Supreme Court Observations: Stern v. Marshall

Guest Commentary

Mark W. DeLaquil, Baker & Hostetler LLP*

 The Supreme Court issued its decision today in Stern v. Marshall, No. 10-179, holding that bankruptcy courts may not constitutionally adjudicate state law counterclaims that are not integrally related to a particular Federal Government action.  Following on last week’s decision in Bond v. United States, Stern reflects the Roberts Court’s commitment to enforcing a rigorous structural separation of powers in the face of Congressional concerns of innocuousness and expedience. 

Stern is the current iteration of the longstanding dispute between the estate of Vickie Lynn Marshall, better known as Anna Nicole Smith, and that of Pierce Marshall, the son of her former husband, Texas businessman J. Howard Marshall.  Stern has a tortured procedural history—it began fifteen years ago as a bankruptcy case following Ms. Marshall’s inability to satisfy a sexual harassment judgment—and this decision marked its second trip to the Supreme Court, which in 2006 held that the probate exception to federal jurisdiction did not bar Ms. Marshall’s claims against Pierce Marshall, specifically that he tortiously interfered with an agreement for her to be included in J. Howard Marshall’s will. 

The current dispute centered on two issues:  was Ms. Marshall’s counterclaim for tortious interference with an expected gift a “core proceeding” under the Bankruptcy Code on which the bankruptcy court could issue a final judgment?, and if so, did Article III of the Constitution prohibit the bankruptcy court from deciding it?  While all nine justices agreed that the counterclaim was a “core proceeding,” Chief Justice Roberts, writing for a five-justice majority, held that it was not a “public rights” claim that could constitutionally be adjudicated in a non-Article III tribunal, such as a bankruptcy court.  In so doing, the Court reaffirmed that public rights cases are limited to those that are integrally related to particular Federal Government action—which a tortuous interference with an expected gift claim most assuredly is not. 

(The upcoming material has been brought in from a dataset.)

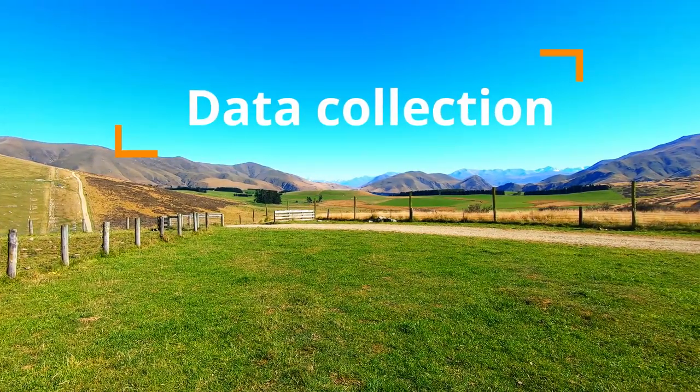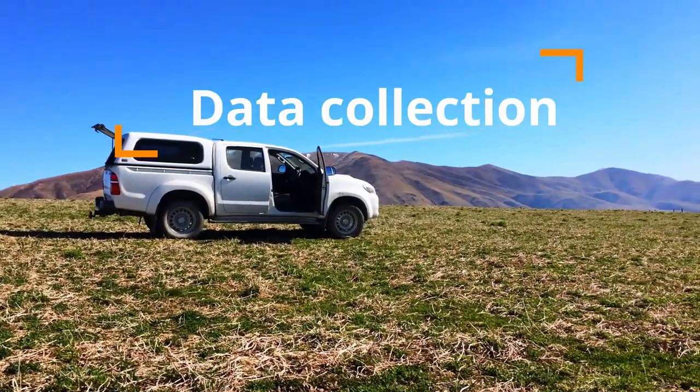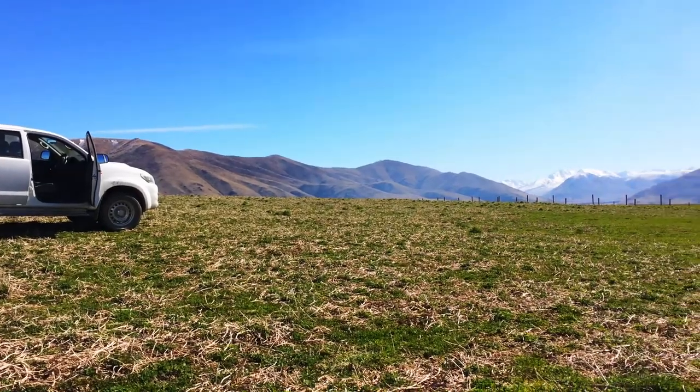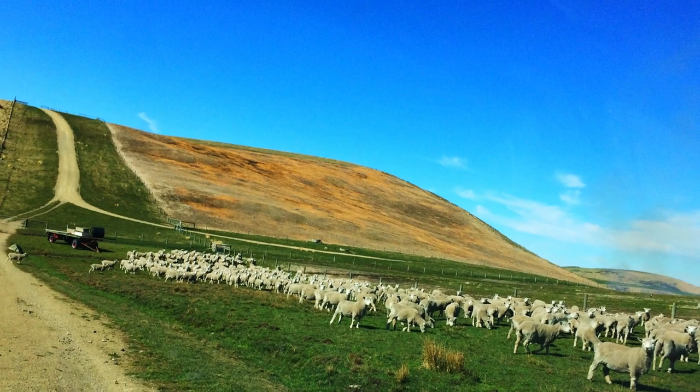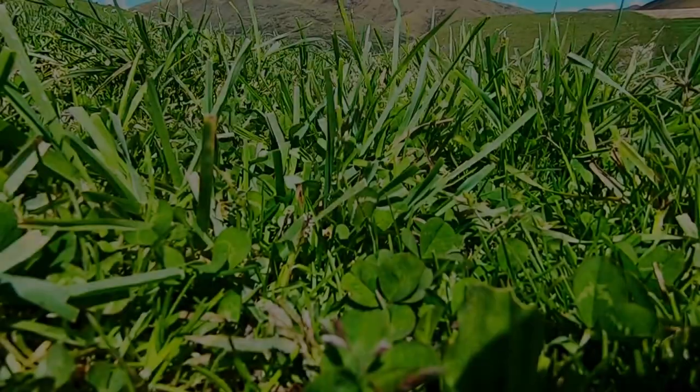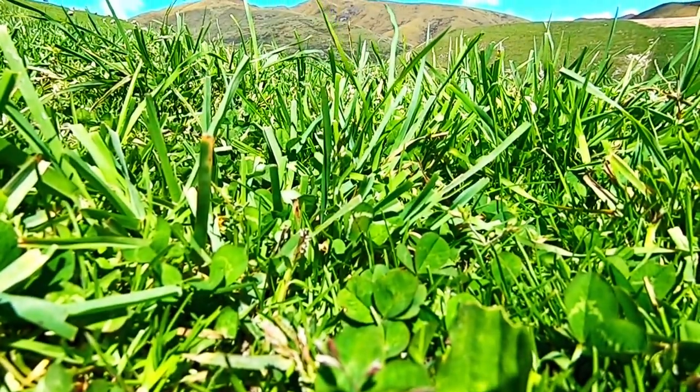Measuring pasture dry matter production helps quantify feed supply throughout the year. Data can be collected once, or preferably over an extended period, so it can be accumulated and summarised by season and eventually by year.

Justice Scalia concurred to reiterate his longstanding view that an Article III judge must decide all federal adjudications, unless there is a contrary historical practice that is firmly established.  Justice Breyer dissented, arguing that the Court should have taken a more pragmatic approach, focusing on whether the adjudication threatened to aggrandize Congress’ authority at the Judiciary’s expense.

It is questionable whether the Supreme Court’s decision will have significant practical effects on bankruptcy litigation; the majority thinks it will not, while the dissent believes it will. 

It is beyond question, however, that Stern reinforces the Roberts Court’s commitment to a robust separation of powers doctrine.  The Court unquestionably understands that Article III independence and separation of powers are not matters of constitutional bookkeeping:  “If [] an exercise of judicial power may nonetheless be taken from the Article III Judiciary simply by deeming it part of some amorphous ‘public right,’ then Article III would be transformed from the guardian of individual liberty and separation of powers we have long recognized into mere wishful thinking.”  And even if this were a small intrusion, the majority was simply unable to “compromise the integrity of the system of separated powers and the role of the Judiciary in that system, even with respect to challenges that may seem innocuous at first blush.” 

Indeed, Stern and Bond, which the Supreme Court decided last week, are fitting companions.  Stern marks the resurgence of Chadha-style textual fidelity in separation of powers jurisprudence; Bond ensures that individual litigants have the right to separation of powers claims.  A telling passage appears in both Bond and Stern: “The structural principles secured by the separation of powers protect the individual.”  These decisions signal that the Roberts Court is committed to restoring that structure for the sake of individual freedom, an auspicious omen for the controversies expected in the Court’s coming terms. 

*Mr. DeLaquil is an associate at Baker & Hostetler LLP.  He was co-counsel for amici curiae in support of the Respondent in Stern v. Marshall.  His firm was counsel for amici curiae in support of the Petitioner in Bond v. United States.